Alice
Dead girl. Frozen blood. No answers yet.
The ride back to the Enclave was quiet… The ride back to the Enclave was quiet, save for the hum of the vex gliding through the streets. Raen kept casting odd glances my way, as if he wanted to ask me something but couldn’t quite bring himself to. I didn’t make it easier for him. Instead, I turned to the window, watching the city blur past.
The Blaine twins, meanwhile, were completely unbothered—fast asleep in the back seat. Unbelievable. There was a young woman—dead. Pregnant. Murdered, possibly. And these two were napping as if we’d just returned from a routine errand. Then again… they were vampires. I supposed their kind processed things differently.
When we arrived at the EAA, Raen sent the twins off to compile a report on their neighborhood inquiries, then announced he was heading to give his debrief to Arcanis Noland. I asked him where to find the forensic lab, and as soon as he pointed me in the right direction, I left without another word. I had a long night ahead of me.
The laboratory was nothing short of impressive. It was far larger than the one we had at the Academy and consisted of several separate workrooms, offering each investigator a private space to focus entirely on their case. Back at the Academy, we’d had no such luxury—we all worked in a shared space, shoulder to shoulder, with only individual desks to stake out for ourselves.

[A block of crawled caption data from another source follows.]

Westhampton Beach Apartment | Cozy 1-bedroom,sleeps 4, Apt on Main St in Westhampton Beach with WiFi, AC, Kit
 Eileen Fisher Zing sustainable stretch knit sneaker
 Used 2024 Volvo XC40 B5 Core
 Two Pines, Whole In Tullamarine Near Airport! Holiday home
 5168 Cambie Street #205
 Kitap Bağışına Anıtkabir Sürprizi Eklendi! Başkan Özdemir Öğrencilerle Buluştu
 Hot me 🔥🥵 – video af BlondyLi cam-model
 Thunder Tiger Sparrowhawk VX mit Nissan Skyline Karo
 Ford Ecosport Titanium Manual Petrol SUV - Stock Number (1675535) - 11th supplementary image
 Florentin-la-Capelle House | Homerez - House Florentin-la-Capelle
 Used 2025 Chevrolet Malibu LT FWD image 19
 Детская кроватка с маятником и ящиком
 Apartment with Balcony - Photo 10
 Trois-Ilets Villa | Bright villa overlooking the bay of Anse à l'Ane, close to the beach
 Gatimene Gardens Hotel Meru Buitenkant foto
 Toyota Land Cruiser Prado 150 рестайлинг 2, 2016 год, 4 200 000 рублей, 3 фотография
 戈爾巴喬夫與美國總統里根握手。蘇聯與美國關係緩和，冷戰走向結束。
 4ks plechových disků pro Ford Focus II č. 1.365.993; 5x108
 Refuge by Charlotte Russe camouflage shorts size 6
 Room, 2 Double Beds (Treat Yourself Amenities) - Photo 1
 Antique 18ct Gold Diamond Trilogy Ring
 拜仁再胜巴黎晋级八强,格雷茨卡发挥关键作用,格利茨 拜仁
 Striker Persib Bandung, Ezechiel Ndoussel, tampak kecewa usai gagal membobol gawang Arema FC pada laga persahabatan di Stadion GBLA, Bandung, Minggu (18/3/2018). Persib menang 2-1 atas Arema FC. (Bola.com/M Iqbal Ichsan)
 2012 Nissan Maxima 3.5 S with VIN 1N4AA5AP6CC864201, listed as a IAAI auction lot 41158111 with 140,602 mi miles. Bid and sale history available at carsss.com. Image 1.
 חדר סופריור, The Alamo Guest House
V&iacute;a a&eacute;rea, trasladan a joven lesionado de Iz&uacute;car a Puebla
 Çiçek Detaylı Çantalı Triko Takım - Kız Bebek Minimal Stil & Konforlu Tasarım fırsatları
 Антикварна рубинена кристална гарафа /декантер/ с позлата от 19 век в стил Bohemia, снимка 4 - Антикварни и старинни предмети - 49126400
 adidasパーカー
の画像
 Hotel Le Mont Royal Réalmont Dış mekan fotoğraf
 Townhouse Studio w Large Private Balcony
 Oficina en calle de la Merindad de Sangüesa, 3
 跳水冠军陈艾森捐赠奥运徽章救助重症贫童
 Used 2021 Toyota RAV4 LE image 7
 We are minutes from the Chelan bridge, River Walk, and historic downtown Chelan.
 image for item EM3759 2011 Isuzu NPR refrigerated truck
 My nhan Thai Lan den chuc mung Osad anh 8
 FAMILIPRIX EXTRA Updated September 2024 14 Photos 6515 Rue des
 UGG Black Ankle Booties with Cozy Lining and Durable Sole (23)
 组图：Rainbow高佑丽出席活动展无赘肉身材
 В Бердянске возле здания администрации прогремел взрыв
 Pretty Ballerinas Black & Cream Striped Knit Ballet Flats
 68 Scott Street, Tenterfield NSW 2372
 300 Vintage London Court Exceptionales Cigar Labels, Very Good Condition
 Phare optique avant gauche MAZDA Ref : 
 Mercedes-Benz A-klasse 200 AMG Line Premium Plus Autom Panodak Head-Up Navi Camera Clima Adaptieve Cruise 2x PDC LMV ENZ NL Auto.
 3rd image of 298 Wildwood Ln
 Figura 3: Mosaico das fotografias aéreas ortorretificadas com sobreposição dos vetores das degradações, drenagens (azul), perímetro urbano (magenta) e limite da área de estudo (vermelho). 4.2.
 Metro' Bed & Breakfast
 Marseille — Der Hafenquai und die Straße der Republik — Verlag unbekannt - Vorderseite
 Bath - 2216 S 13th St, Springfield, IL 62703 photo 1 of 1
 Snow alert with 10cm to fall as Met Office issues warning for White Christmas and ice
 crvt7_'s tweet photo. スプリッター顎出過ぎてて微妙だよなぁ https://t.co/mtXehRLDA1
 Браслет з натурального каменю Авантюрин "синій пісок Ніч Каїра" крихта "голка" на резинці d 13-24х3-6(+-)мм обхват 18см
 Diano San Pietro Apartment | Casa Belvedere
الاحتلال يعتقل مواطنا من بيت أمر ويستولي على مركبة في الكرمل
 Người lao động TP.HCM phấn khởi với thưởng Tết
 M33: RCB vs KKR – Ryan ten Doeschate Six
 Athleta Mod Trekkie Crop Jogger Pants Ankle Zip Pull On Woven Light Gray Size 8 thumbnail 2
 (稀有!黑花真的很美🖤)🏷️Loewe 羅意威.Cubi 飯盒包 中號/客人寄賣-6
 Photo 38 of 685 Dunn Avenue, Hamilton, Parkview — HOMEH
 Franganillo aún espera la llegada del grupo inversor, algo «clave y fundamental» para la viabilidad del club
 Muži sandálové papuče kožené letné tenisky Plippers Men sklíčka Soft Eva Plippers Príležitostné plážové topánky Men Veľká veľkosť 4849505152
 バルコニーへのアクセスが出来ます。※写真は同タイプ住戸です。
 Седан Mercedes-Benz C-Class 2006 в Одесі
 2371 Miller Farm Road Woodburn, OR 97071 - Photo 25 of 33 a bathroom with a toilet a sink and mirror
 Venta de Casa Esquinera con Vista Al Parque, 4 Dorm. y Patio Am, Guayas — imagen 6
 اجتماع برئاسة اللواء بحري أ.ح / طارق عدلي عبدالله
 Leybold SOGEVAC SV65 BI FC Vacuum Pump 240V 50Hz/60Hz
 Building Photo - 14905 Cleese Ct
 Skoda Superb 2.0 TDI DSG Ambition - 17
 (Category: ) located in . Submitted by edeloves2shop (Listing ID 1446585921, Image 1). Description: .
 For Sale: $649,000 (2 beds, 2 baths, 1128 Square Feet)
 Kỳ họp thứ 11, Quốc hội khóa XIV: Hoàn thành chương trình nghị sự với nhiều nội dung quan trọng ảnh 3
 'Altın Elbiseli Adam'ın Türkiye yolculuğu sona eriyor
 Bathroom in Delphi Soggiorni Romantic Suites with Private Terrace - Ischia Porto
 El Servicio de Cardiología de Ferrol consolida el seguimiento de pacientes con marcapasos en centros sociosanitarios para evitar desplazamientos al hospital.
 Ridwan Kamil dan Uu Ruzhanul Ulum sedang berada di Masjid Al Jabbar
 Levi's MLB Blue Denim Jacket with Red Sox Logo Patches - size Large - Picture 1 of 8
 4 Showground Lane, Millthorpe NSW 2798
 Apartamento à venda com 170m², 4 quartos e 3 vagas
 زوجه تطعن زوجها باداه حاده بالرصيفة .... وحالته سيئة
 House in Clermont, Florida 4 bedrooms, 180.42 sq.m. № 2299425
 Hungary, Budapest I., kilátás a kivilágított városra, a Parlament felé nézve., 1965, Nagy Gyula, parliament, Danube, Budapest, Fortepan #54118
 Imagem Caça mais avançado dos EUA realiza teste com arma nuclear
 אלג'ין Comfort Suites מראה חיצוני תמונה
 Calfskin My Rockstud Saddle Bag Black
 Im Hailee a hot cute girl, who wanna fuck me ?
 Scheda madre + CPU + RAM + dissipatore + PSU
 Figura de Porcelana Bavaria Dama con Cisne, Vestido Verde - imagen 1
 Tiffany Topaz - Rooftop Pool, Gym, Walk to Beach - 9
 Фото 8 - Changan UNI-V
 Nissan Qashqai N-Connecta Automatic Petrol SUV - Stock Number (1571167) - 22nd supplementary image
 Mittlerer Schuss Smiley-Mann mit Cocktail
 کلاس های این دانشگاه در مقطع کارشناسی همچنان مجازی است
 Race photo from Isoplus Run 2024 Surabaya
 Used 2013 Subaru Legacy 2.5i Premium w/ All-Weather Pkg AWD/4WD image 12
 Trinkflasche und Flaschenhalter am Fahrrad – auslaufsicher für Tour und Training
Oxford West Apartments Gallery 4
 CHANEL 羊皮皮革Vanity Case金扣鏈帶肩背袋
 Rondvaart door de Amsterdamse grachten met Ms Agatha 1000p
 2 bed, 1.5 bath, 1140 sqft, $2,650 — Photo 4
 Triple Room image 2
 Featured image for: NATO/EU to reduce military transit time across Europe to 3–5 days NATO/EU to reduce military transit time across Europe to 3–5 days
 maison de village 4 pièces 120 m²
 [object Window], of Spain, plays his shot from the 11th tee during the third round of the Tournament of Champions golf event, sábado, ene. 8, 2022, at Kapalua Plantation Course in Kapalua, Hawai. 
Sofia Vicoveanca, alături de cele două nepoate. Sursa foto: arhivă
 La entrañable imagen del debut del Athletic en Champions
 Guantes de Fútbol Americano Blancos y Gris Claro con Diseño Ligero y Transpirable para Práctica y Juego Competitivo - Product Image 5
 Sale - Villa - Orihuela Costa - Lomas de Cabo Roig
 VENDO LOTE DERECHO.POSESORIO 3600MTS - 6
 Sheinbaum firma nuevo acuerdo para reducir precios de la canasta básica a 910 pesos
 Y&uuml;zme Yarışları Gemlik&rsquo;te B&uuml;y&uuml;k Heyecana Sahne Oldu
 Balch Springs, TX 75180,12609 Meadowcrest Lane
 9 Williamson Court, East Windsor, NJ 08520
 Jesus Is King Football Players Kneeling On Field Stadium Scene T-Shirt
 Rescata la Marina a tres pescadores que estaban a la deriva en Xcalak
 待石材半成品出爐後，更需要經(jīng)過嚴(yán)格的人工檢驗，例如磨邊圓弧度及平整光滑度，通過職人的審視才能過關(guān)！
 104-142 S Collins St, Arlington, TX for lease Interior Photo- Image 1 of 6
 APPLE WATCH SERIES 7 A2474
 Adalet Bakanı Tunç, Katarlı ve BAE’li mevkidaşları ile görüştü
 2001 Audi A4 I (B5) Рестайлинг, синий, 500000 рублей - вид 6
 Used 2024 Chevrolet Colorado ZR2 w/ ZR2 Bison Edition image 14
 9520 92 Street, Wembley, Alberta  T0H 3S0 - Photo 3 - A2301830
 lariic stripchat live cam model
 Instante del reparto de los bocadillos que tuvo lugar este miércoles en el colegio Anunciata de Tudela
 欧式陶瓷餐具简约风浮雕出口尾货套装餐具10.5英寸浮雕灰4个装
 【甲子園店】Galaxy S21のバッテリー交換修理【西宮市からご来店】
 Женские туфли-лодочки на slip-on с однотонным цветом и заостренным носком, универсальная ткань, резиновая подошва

Privacy had been an illusion.
Here, every room brimmed with precision and purpose, outfitted with specialized crystals and enchanted tools—each attuned to the delicate work of forensic arcanists. Along the far wall, towering shelves stood like silent sentinels, cradling an extensive collection of reference texts. Many were rare, their spines bearing titles I had only glimpsed in passing at the Academy. My fingers traced the embossed lettering, pausing on volumes so coveted that, back at the Academy, they were locked away in the restricted archives, accessible only under strict supervision—and never for long.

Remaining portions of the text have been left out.